It’s amazing how quickly people forget. Sometimes that’s good, like when you forgive and forget. Sometimes that’s bad, like when you forget that although gas prices might be at a low now, they always rise again, and usually to a higher price than ever before. The minute we see the numbers go down at the pump, we’re out buying huge SUVs. Then, when we see the guy with the tall stick changing numbers on the sign, we instantly regret our purchase and wish we had bought something more economical. For those who do remember the past and learn from it, Hyundai is introducing the 2016 Sonata Hybrid and Sonata Plug-in Hybrid: two vehicles that will remind you that you can make a smart car-buying decision, no matter what the price of oil.
The Sonata Hybrid has been on the market for five years now as a sister product to the popular Sonata sedan. This second-generation hybrid is joined by a new plug-in version for 2016, and both are worthy of at least a test drive, and at most, serious consideration over the competition from Toyota, Ford, and Chevrolet.
The Sonata Plug-in Hybrid is the bigger news, as this is the first time Hyundai has introduced a plug-in to the U.S. According to Hyundai, its PHEV is best in class in many areas, including coefficient of drag, miles in pure EV mode, interior dimensions and cargo capacity. Throw in a lifetime hybrid battery warranty, and we really don’t know how you could put these up against the competition and not choose one as the winner.
What makes the Sonata EVs so special? On the exterior, the PHEV and HEV models are identical, save for some badging and wheel sizes. However, they do have noticeable differences over the gas-powered Sonata sedan. The goal was to retain the same Fluidic Sculpture 2.0 design, which entails a lot of curves and movement in the sheetmetal, but add features that help improve aerodynamics, such as a unique front fascia with front active air flaps, a unique headlamp shape with LED lighting, and aero rocker panels.
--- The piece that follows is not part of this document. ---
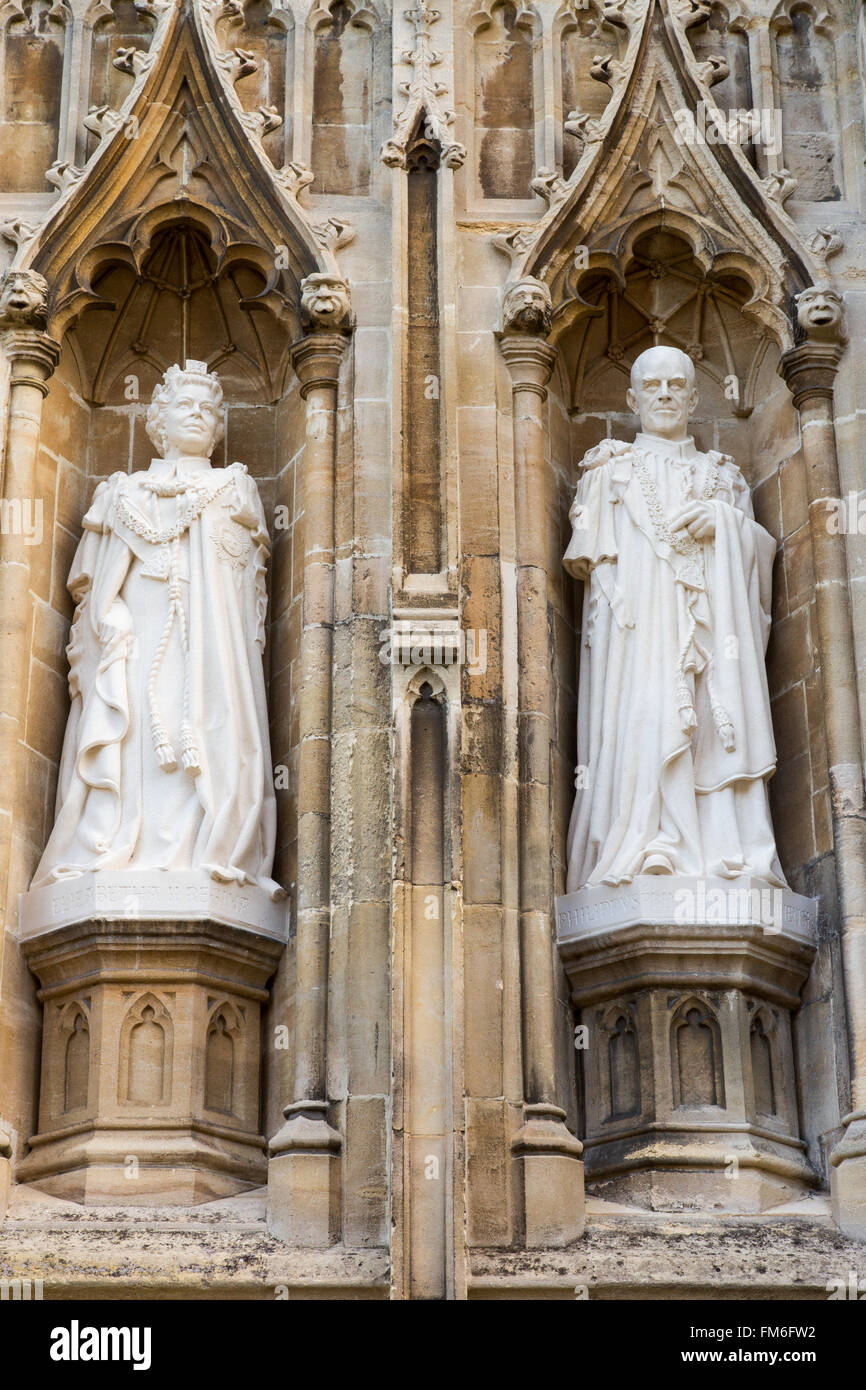La Cattedrale di Canterbury, nel Kent, statue della Regina Elisabetta II e del Principe Filippo Foto Stock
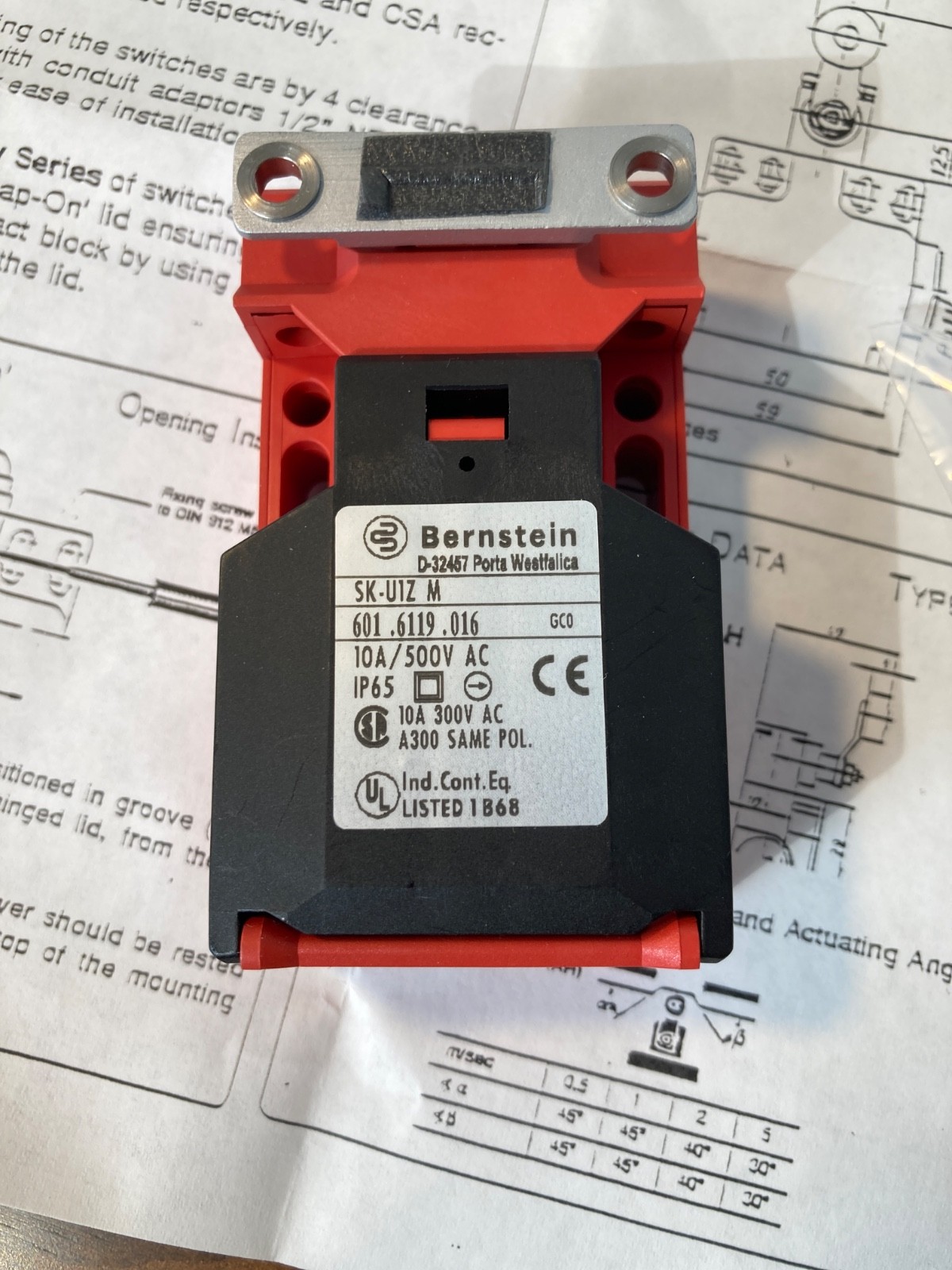 WARNER ELECTRIC SAFETY INTERLOCK SWITCH 601-6119-016 NEW plus PG11 Gland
In the back, there’s an aero rear bumper, rear diffuser, and eco-spoke alloy wheels. This slickness of design is what netted the class-leading 0.24 Cd, which beats all others in the segment and is tied with the Tesla Model S. Although we don’t yet know pricing for the Sonata EV models, we fully expect them to be less than half the price of the Tesla. The 2015 Sonata Hybrid starts at $26,000 with the Limited at $29,500. This year there will be an SE entry model in addition to a Limited and Limited Ultimate Package for the Hybrid, and an entry model and Limited version for the PHEV model. Assume a mild increase to those 2015 charges.
Inside, the PHEV/HEV vary slightly from each other, and feature unique instrumentation and displays over the gas Sonata. Only the PHEV has a charge indicator located in the top center of the dash and a button on the center console that allows you to choose between EV and HEV mode. The PHEV and HEV have some different screens both in the instrument cluster and on the center infotainment screen.
The hybrid vehicles are part of Hyundai’s Blue Drive initiative, which is its plan to “develop low-carbon, fuel-efficient vehicles that minimize fuel consumption and reduce CO2 emissions, thereby meeting the social need for both mobility and environmental preservation.” A lofty goal, but one that must be done. And Hyundai is doing it right so far, as it claims to be the lowest CO2 emitting automaker among mass-market manufacturers, as well as the one that’s also the most over compliant. To this end, Hyundai not only has these two vehicles on the ground, but also a fuel-cell Tucson fleet happening, plus a soon-to-be-announced pure EV as well.
On paper, the Sonata Hybrid and PHEV are impressive; on the road, the story is the same. A combination of a rigid body design, quality construction, great fuel economy and a solid chassis combine to make these two a great option in the midsize sedan segment. Power comes from a parallel hybrid system, where either the engine or the electric motor moves the vehicle down the road. The change between EV and hybrid mode is imperceptible, and the shifting of the true six-speed transmission is smooth and responsive.
The battery is a lithium-ion pack, and it resides in the tire well under the trunk so it doesn’t impede on the cargo area. Which is why the Sonata HEV has 13.3 cubic feet of cargo volume versus the Fusion HEV, with 12.0. The PHEV Sonata also beats the Fusion Energi with a cargo volume about 1.6 cubic feet bigger.
While the hybrid drive system is basically the same as the previous generation, there are plenty of enhancements, including a smaller engine (2.4 liters to 2.0 now), weight reduction in the motor and control unit, improved battery efficiency, and better regenerative braking capability. Although the max torque numbers are down by 10 lb-ft (140 versus 150 for 2015), the efficiency has been improved. When you include the power from the electric motor, the net power for the hybrid system is 193, and 202 for the PHEV version. The same goes for the traction motor, transmission, and other features. For example, the previous Sonata Hybrid was air cooled, while the new version is water cooled.